As Communications Service Providers (CSPs) worldwide scale up the deployments of their 5G networks, they face strong pressure to optimize their Return on Investment (RoI), given the massive expenses they already incurred to acquire spectrum as well as the ongoing costs of infrastructure rollouts.
Going against the flow
Most network applications and appliances are limited in their performance because packet processing is a very heavy and CPU intensive task. Packet processing normally includes activities like decoding (at least up to layer 4; sometimes even up to layer 7) which enables a stateful evaluation of each packet based on the flow context it belongs to.
Flow shunting
Some applications only require this cumbersome inspection for the first few packets, and the remaining packets in the same flows can then be handled by a flow table lookup or a flow cache. This can significantly increase the performance of the application as a lookup into a flow table is much faster than the full inspection and evaluation of each packet. This flow caching is often referred to as flow shunting. But even with flow shunting, the performance of modern inline security applications remains limited as all packets still have to be received by the application, looked up in the flow cache and, based on the flow context information, be retransmitted or dropped.
Application acceleration
To achieve the next level of acceleration, we therefore need to move the flow shunting and the entire flow table into a SmartNIC, thereby enabling packet management directly in the SmartNIC for flows that have already been classified by the application. That way, we remove the need to bring the packet data into the application space for the lookup and, potentially, the retransmission. This approach will significantly increase the performance of the application, which now only needs to handle packets for flows that have not yet been classified, i.e. unlearned flows. In other words, we enable the application to focus only on packet/flow classification, moving the responsibility of the packet-by-packet forwarding/dropping to the SmartNIC.
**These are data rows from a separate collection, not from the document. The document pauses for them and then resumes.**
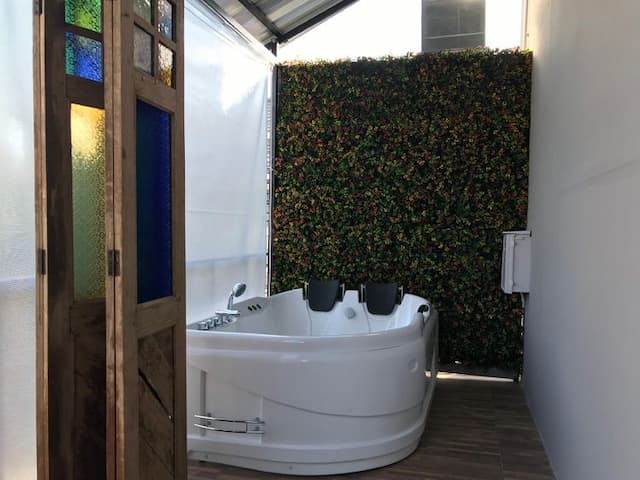 V20 Boutique Hotel-Luxury Jacuzzi ROOM（Included Breakfast）-5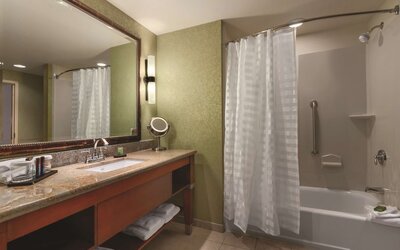 Embassy Suites Omaha-La Vista/Hotel & Conference Center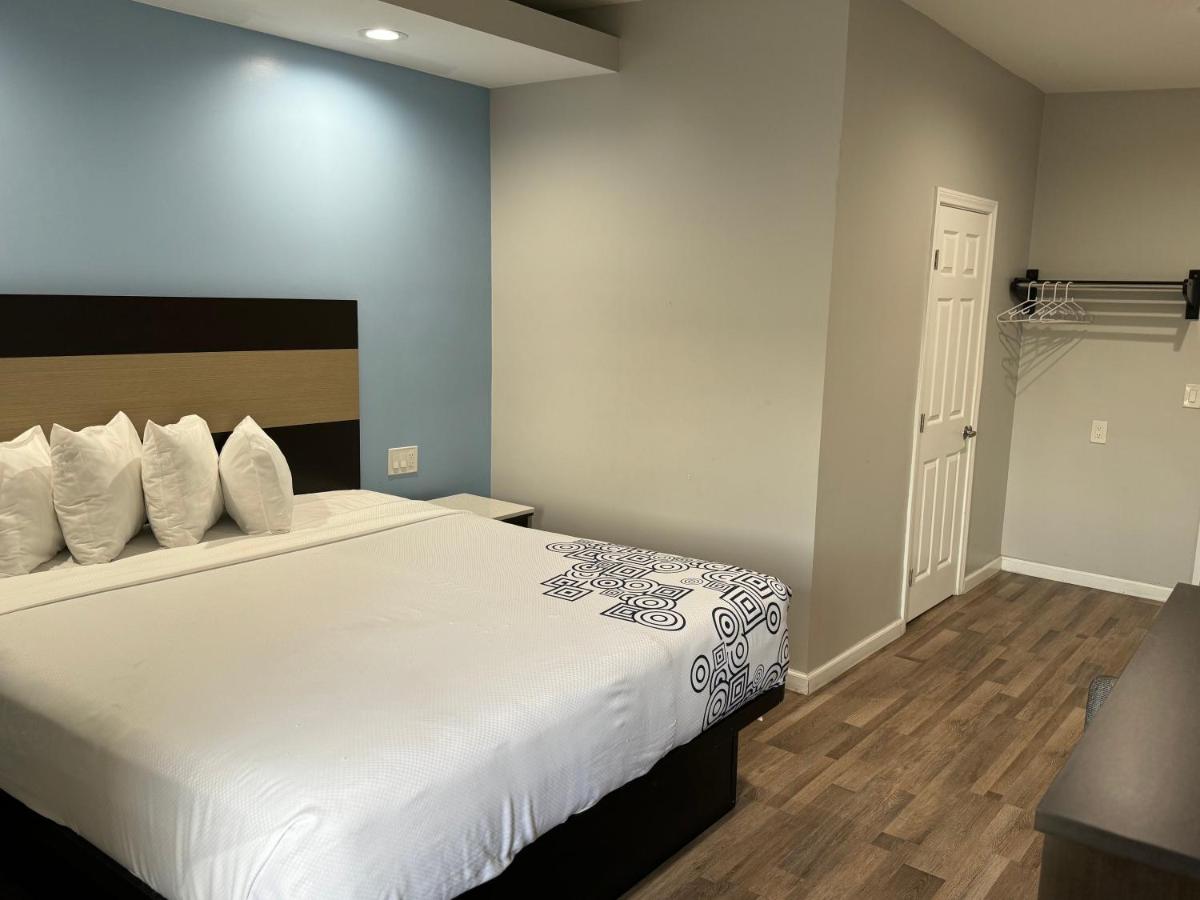  | Moonlite Inn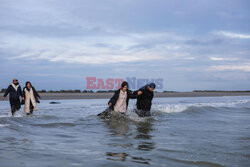 Migranci na plaży Gravelines - AFP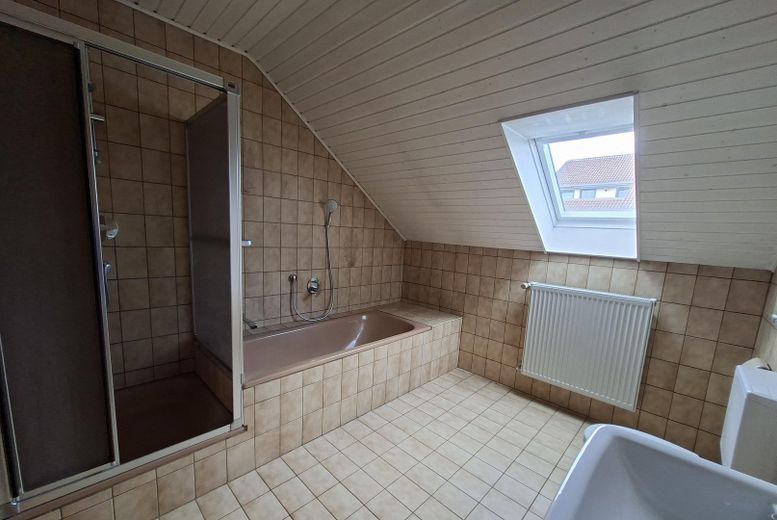 Sehr gepflegtes Zweifamilienwohnhaus in ruhige Wohnlage mit großem, sonnigem Gartengrundstück – Badezimmer OG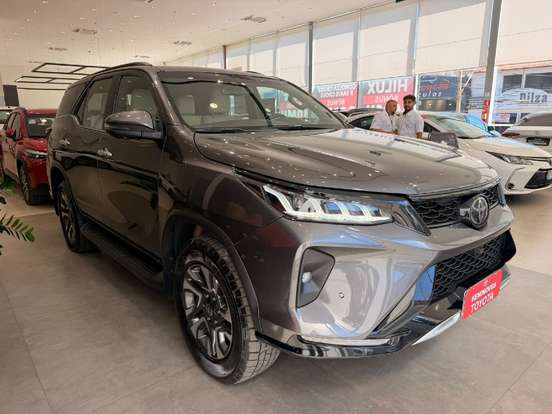 TOYOTA-HILUX SW4-2023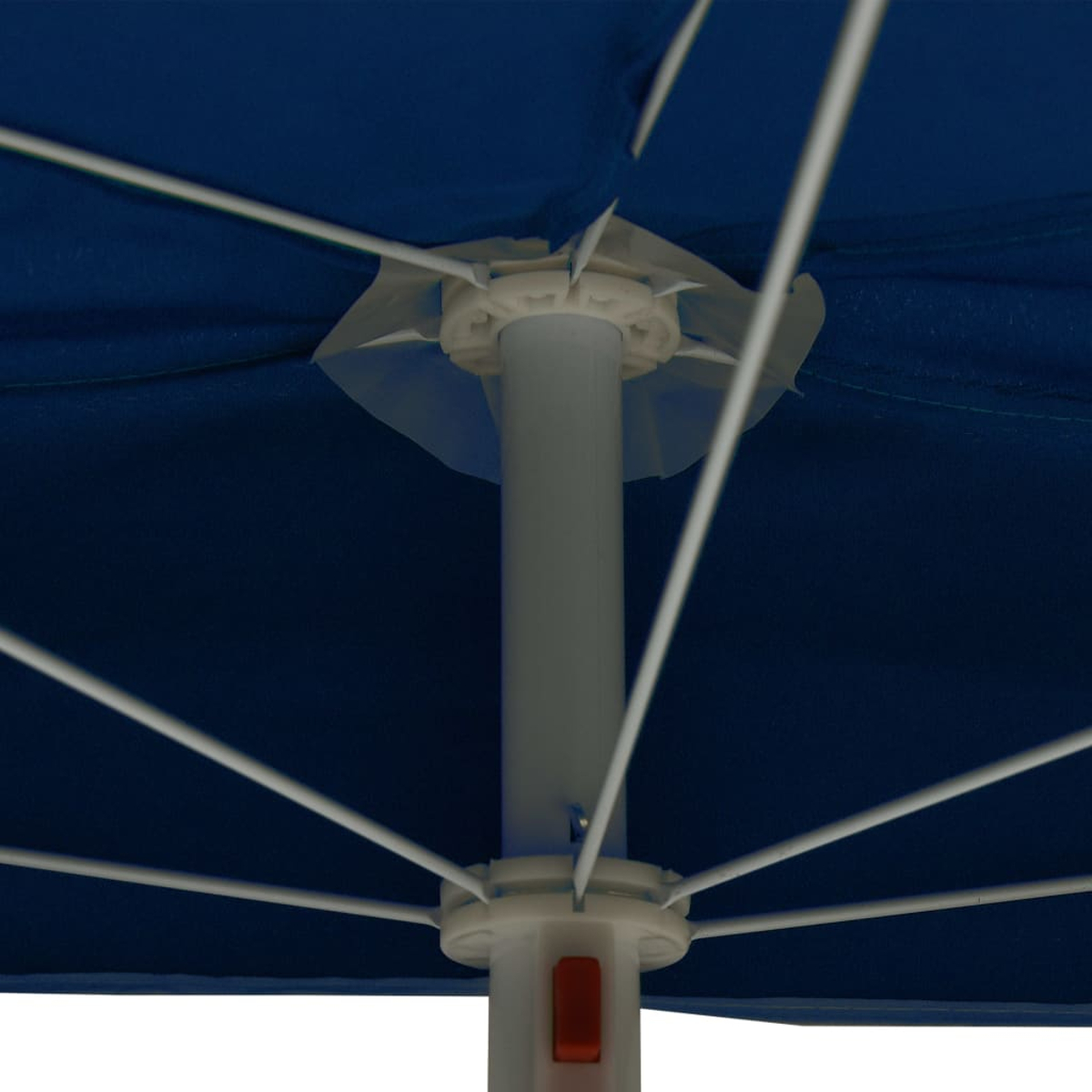 Innenansicht eines blauen Schirms. Weißes Gestell und Mast mit rotem Knopf. Weißer Hintergrund.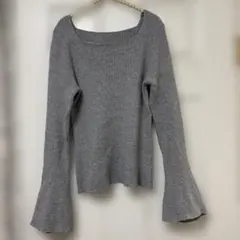 ★GRLライトグレー フレアスリーブ　スクエアネックオフショルダー　リブニット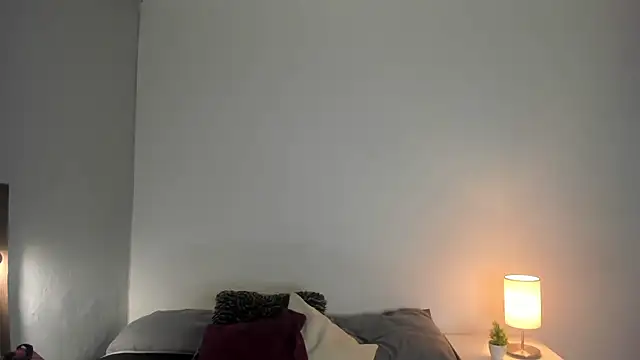 Snapshot of MELISSA_ALVAREZ chatting on 02.21.25 MELISSA ALVAREZ online show from 02.21.25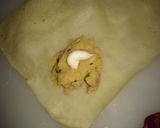 A picture of step 4 of Potato chicken rolls.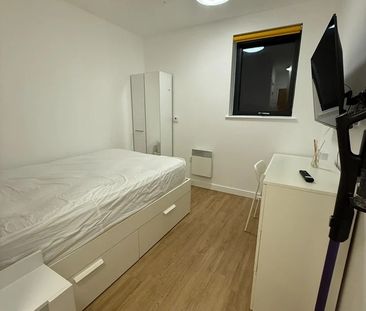 Studio Flat, Chapel Street, M3 - Photo 5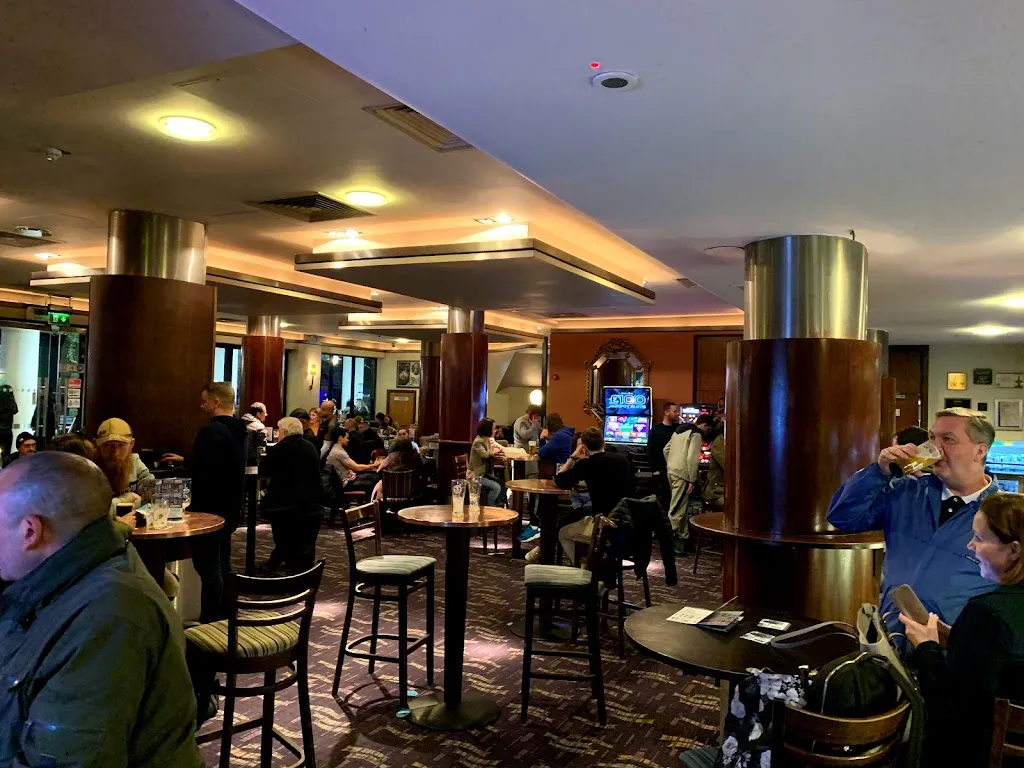 The Gate Clock - JD Wetherspoon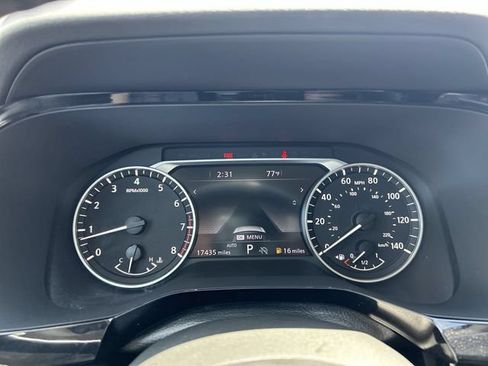 Certified 2024 Nissan Pathfinder SL AWD/4WD image 19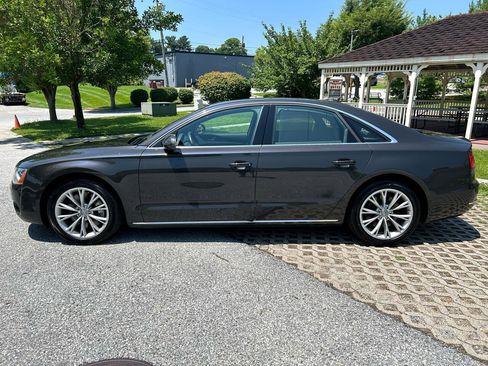 Used 2011 Audi A8 4.2 image 8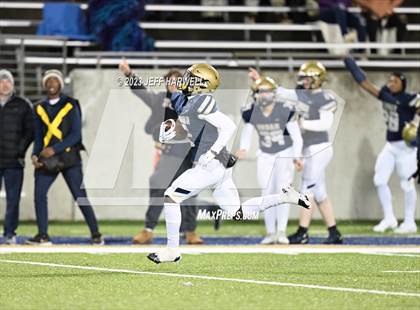 Thumbnail 3 in Walsh Jesuit vs. Archbishop Hoban (OHSAA D2 Regional Final) photogallery.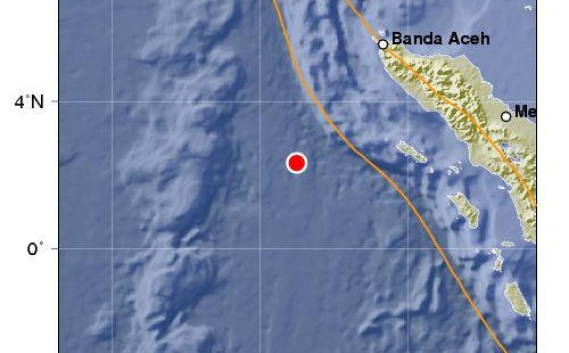 Ilustrasi: Sumber Ilustrasi : www.adesurya.com/wp-content/uploads/2012/04/564832_10150771741597491_121994582490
Take a network where only 10% of the packets belong to new or unclassified flows. When offloaded by a flow shunting SmartNIC, the application would then only have to process a tenth of the packets, which in the best case will increase the performance by a factor 10. This example demonstrates why flow shunting in a SmartNIC is a gamechanger. As more and more actions are added to the flow shunting mechanism – e.g. NAT, VLAN and VxLAN tagging/de-tagging, and IPSec en-/decryption – the performance gain will increase and make the SmartNIC continually more interesting for flow-based applications.
At Napatech, we have added a flow management feature to the data pipeline inside our SmartNICs. This flow table – or flow cache – has been implemented in the SmartNIC to offload and accelerate any flow-based applications. Based on the flow identified through the lookup, this new feature can perform a number of actions on the packet without involving the application. The first version, demoed in mid-October 2018, included the two basic actions: drop and forward. Based on these functionalities, we can provide flow shunting directly in the SmartNIC.
On the horizon
In the future, we will add more actions and thereby increase the number of use cases where we can do full SmartNIC offload thus providing even greater acceleration. We are currently working towards adding writeback into the flow table on a per-packet basis, thereby enabling metrics as well as stateful updates on a per-packet basis. Other potential actions to be added include:
- VLAN and VxLAN tagging and untagging
- NAT and NAPT
- IPSec en-/decryption
All these ideas will be implemented inline on a per-flow basis and without application involvement, except for the configuration.
This type of SmartNIC-based flow shunting has existed for some time, but Napatech is taking it to the next level with support for up to 2x100G connectivity, 100 Million bi-directional flows, a learning rate of 1-2 million new flows per second, metrics update on a per-packet basis – and adding more innovative actions over time.